Lung Transplant in India: Complete Guide to Pulmonary Transplantation and Advanced Lung Disease Treatment

Lung Transplant in India: Complete Guide to Pulmonary Transplantation and Advanced Lung Disease Treatment — medical tourism India

TL;DR: Lung transplant in India costs USD 40,000–70,000 — significantly less than the USA (USD 200,000–400,000 procedure cost). India performs 150+ lung transplants annually; leading centres include PGI Chandigarh, Apollo, and Yashoda. Deceased donor wait time: 6–18 months depending on blood group and lung function. 1-year survival: 85–90%. (NOTTO India, 2023)

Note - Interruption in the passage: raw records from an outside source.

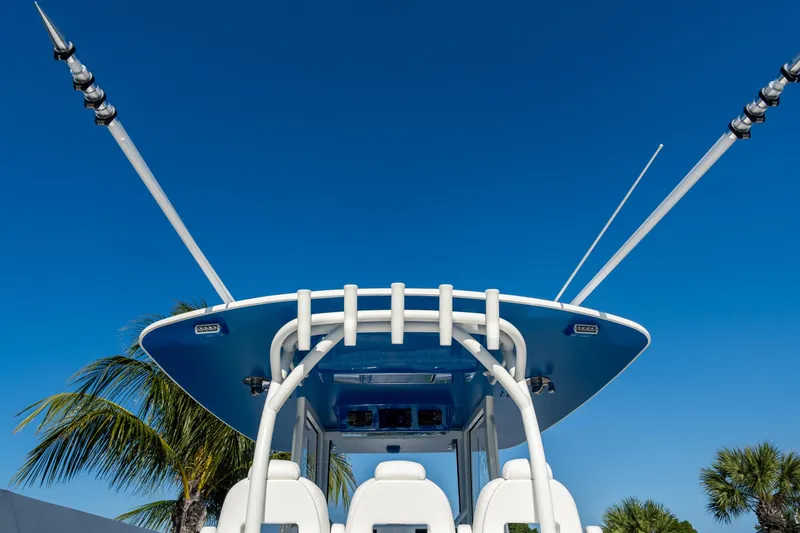 Slide: The Image of 2026 Front Runner 39 Center Console boat with blue sky and palm trees. - 52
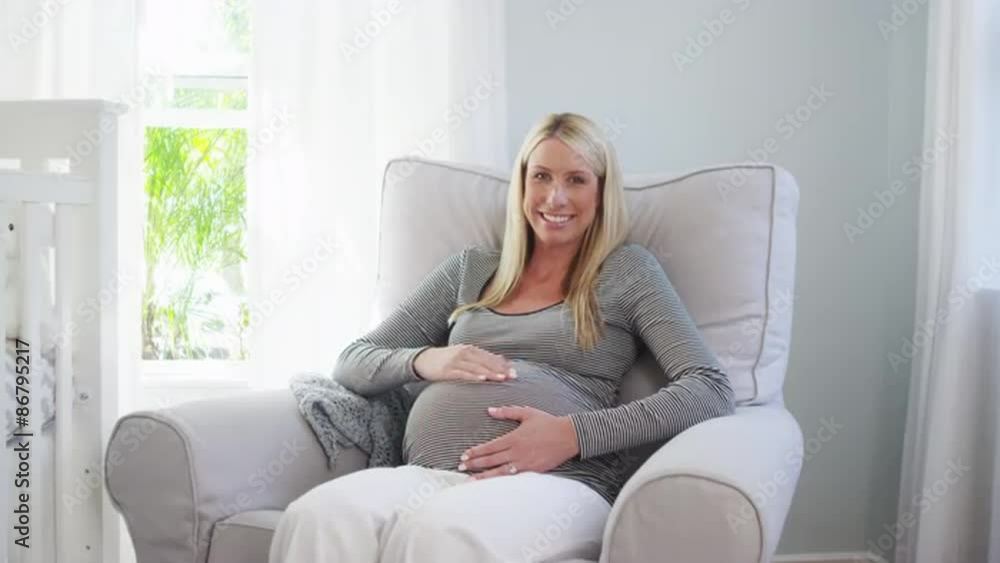 Happy pregnant woman sitting in nursery smiling Happy pregnant woman sitting in nursery smiling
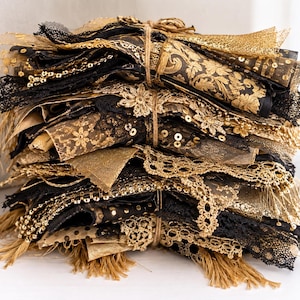 Könnte beinhalten: Ein Stapel verschiedener Stoffreste in Schwarz- und Goldtönen, die mit einer Schnur zusammengebunden sind. Die Sammlung umfasst verschiedene Texturen wie Spitze, Paillettennetz, florales Brokat und Fransenränder, die ein geschichtetes Bündel bilden.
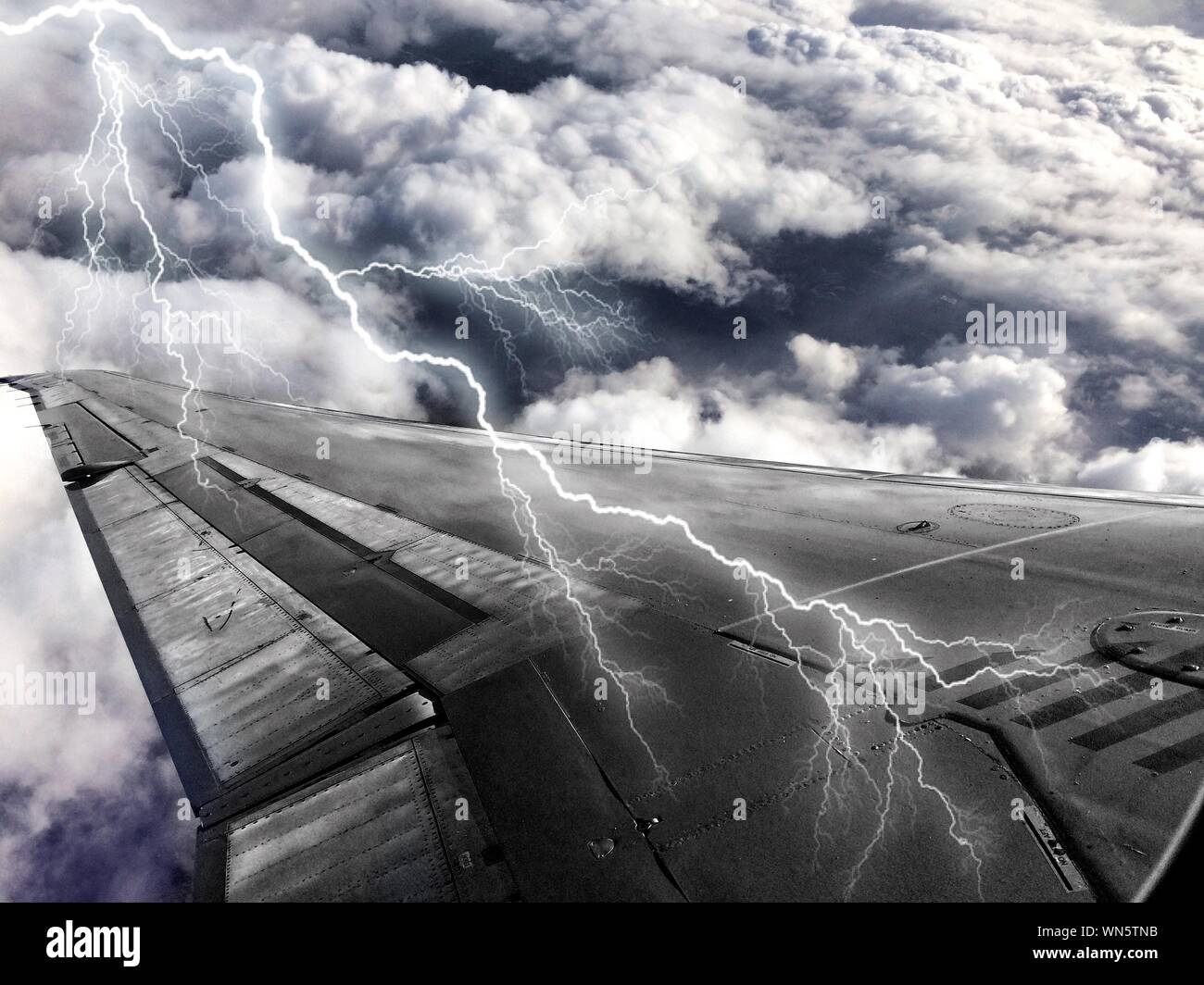 Lightning Strikes On Airplane Wing Stock Photo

End-stage lung disease — from pulmonary fibrosis, COPD, bronchiectasis, and pulmonary arterial hypertension — has a median survival of less than 3 years once patients reach lung transplant listing criteria. (ISHLT Registry, 2022). India performs over 150 lung transplants annually, with 1-year survival rates of 85–90%, and costs USD 40,000–70,000 — approximately 70–80% below the USA. This guide explains who qualifies, how the process works, and what realistic outcomes patients can expect.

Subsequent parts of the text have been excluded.